Monday, Feb. 22, 1988

An F With Honors

When is a failing grade not a failing grade? Maybe when the Department of Education is handing out the marks. In another statement last week, Secretary Bennett announced that six Southern and Border States had yet to comply fully with a 17-year-old court order to desegregate public colleges. However, instead of expressing concern, Bennett praised the states for having made "substantial progress." Moreover, the Secretary gave passing grades to four other states, even though they have not fully met goals or timetables set by his department.

The optimistic appraisal winds down an important Government battle against academic segregation. As a result of a 1969 lawsuit by the NAACP Legal Defense and Educational Fund, the states were forced to submit plans to increase black enrollment and recruit more minority faculty at white institutions, and to upgrade facilities at traditionally black colleges. Otherwise, the states would face a cutoff of federal funds. Last week's ruling means that the four passing states -- Arkansas, North Carolina, South Carolina and West Virginia -- are now free of such orders.

The six states that failed -- Delaware, Florida, Georgia, Missouri, Oklahoma and Virginia -- must take certain steps by year's end. One requirement in Virginia, for example, will be to complete buildings already under construction at some all-black campuses, while Georgia must develop a plan to encourage students at a largely white junior college to transfer to a traditionally black one.

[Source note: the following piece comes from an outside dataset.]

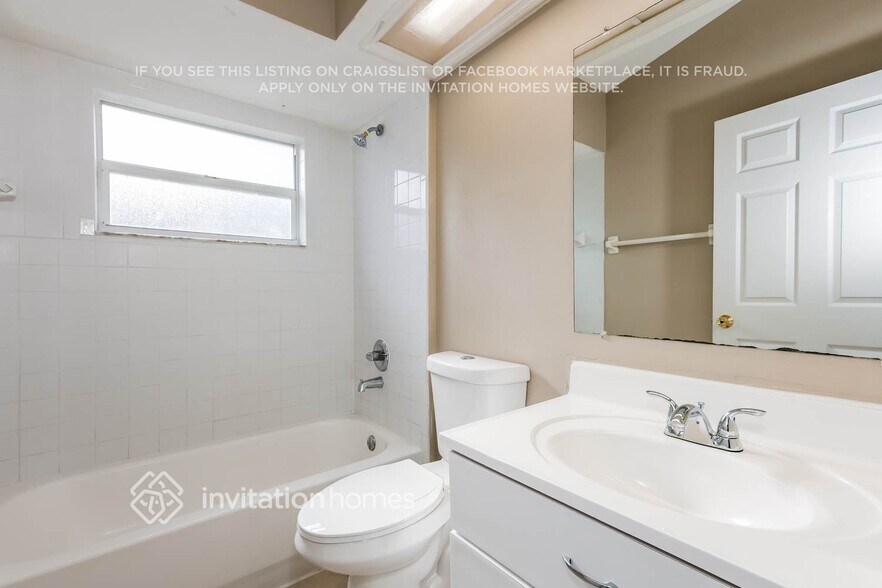 Building Photo - 10912 Brucehaven Dr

Critics contend that such measures are largely cosmetic. The N.A.A.C.P. notes that the disparity between black and white student-enrollment figures is growing, despite court orders to reduce such gaps. In Arkansas, 46% of white high school graduates and 36% of blacks went on to college in 1978; by 1985 the rate for whites had risen to 49%, while blacks had gained no ground.

Bennett argues that the real problem is a shrinking pool of able black students, a problem felt nationwide, not just in the South. Says he: "In any one of these ten states, a black student will find, if he has qualifications, many institutions eager to have him." Jenell Byrd, an attorney for the Legal Defense Fund, disagrees, insisting that segregation remains an obstacle for Southern blacks who want to attend mostly white colleges. On that point, she claims, the Federal Government gets an F.